Winnipeg’s Joey Landreth will be wheels up and westward bound as soon as he can convince a skateboard wheel to sit in for a suitcase caster.
Luggage is expensive at any point in your career, so the 2015 Juno Award winner is working with what is at hand.
That’s kind of the form his latest tour is taking. Stepping away from the fantastic foursome he formed with his older brother, David, that earned them a roots/traditional Juno for their debut album Let It Lie in 2015. This time around Landreth is playing 12 shows, including one at the Jasper Royal Canadian Legion on March 6, with a simplified trio.
“We’re not trying to reinvent the wheel,” he said. “We’re kind of reinventing it in terms of not trying to do anything crazy. We just made some honest music.”
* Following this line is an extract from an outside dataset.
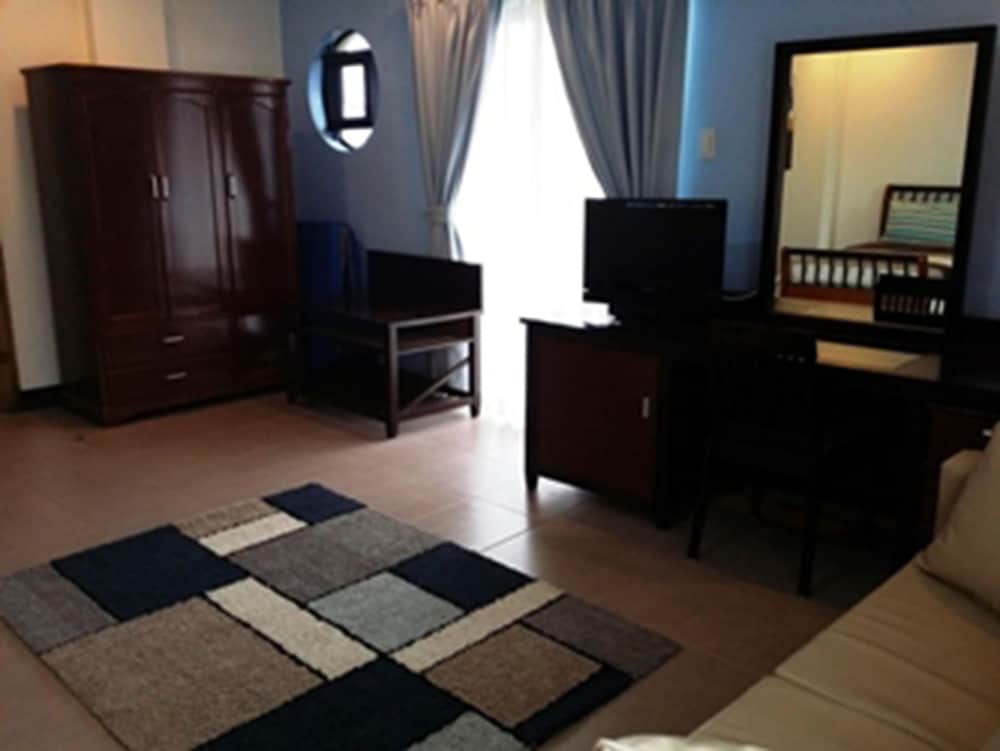 Deluxe Queen Room photo 3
At least part of the motivation is to give his The Bros. Landreth incarnation a break from touring. Landreth said they’re pushing 800 days on the road in the last four years, including 220 in 2015.
“I can keep working and no one loses out,” Landreth explained. “I get to be a little more self-indulgent. Not that we were holding back, but I can be a bit more deliberate about how I approach the music. The record sounds like a band that’s been on the road for four years.”
The visual appeal of Landreth’s solo act website lulls you into expecting a straightforward country album, but listening to samples from Whiskey, which dropped Jan. 27, quickly calibrates expectations. Before long, it sounds like Kurt Cobain haunted the studio, as the sound drops a couple of gears and finds a near-grunge-worthy edge.
That could be due to the bona fide rock roots of the current arrangement, which includes Ryan Voth, who also played drums on The Landreth Bros. album, and Meg Dolovich who plays bass in place of brother David.
The trio formed a rock group in the 2000s called Dirty Denominator.
“We had way too much fun and played way too loud.”
To get a feel for the common thread between the two groups, head to the Legion at 8 p.m. on March 6. Tickets are $15 at the door.